Exercise improves sleep in individuals with sleep disturbances

A 2012 study examined the effects of exercise on the sleep of middle-aged and older adults with sleep problems. A 10-16 week-long exercise training program reduced sleep latency, resulted in better sleep quality, and reduced medication use compared to those without an exercise program. 

In one 2010 study published in Sleep Medicine, researchers evaluated the effects of increased physical activity in older adults with insomnia. By the end of the four-month period that included moderate-intensity workouts four to six times per week, the participants were sleeping an additional hour each night. 
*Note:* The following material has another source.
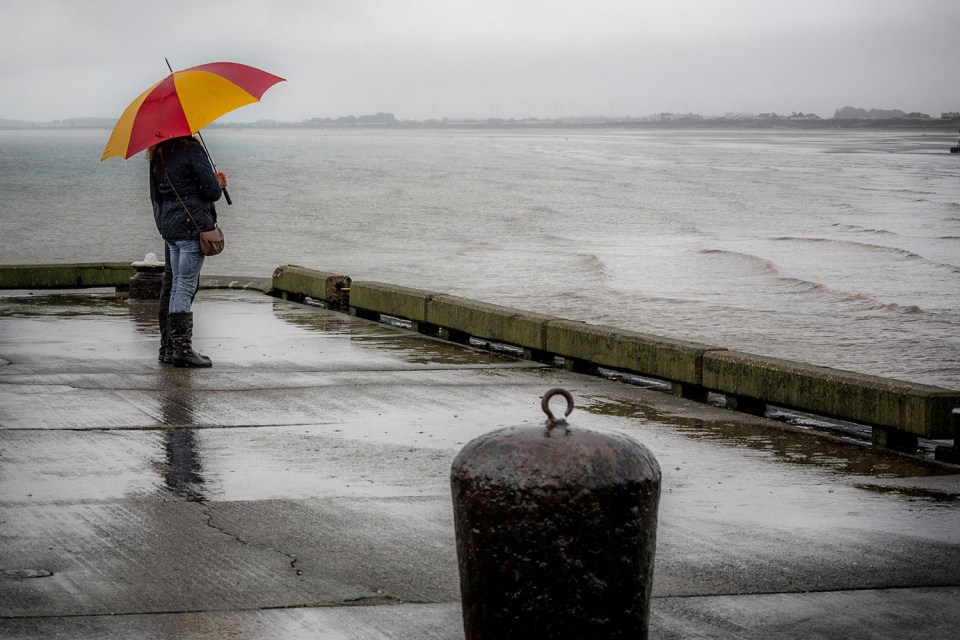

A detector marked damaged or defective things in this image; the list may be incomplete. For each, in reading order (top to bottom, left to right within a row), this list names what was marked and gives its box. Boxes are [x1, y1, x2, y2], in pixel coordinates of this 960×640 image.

Subjective sleep quality, sleep efficiency, and sleep onset latency was also improved compared to the non-exercising group. An anti-depressant effect of exercise was also noted by the researchers, who found a better quality of life and reduced depressive symptoms in the physical activity group.[2

Regular physical activity may also greatly benefit individuals suffering from sleep apnea. Sleep apnea is a serious sleep disorder characterized by stops and starts in breathing during the night.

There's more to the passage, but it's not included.